When Mister Sam Silas had left I set down to
some serious thinking. He'd said if I needed some cash money I
could get it, and I sure could use it. I still had $5.40 left over
from my pay, and that meant I was short of enough to buy a pair of
boots by less than two dollars.

The cows sold for more than we was
expecting. And I hadn't thought to have any DD cows in the herd to
start with. Ma wasn't counting on me to bring home more than ten or
maybe twelve dollars, and here I would be fetching back a poke big
enough to meet taxes two years easy and pay off what we owed
besides.

I could round that poke
down to an even $480 if I just took seven and a half from it, and
that would give me enough
money to buy
them boots from Mister Hogan and still have money left over to take
some presents home for Ma and the small fry.

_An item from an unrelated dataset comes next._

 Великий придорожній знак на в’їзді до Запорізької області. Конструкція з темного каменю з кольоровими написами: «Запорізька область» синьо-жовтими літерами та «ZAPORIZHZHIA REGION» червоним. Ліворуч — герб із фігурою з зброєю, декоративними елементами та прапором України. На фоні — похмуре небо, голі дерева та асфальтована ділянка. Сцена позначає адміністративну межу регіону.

I'd tell them what I
done, of course. It wouldn't be fair not to. But they wouldn't
mind. After all, I was the one that done the work to bring that
money home, and a man needed to be rigged out proper if he was to
run his own spread and care for a whole family and all. I knew
they'd figure it to be fair as fair could be.

I left the chute fence and climbed up on the
steeldust. "Mister Silas, sir, would it be all right if I go over
to the Emporeum for a bit?" I called to him.

He waved me on. The cattle were most all in
the pen and we weren't needed for anything, and Hogan's store was
just in town about a quarter mile away.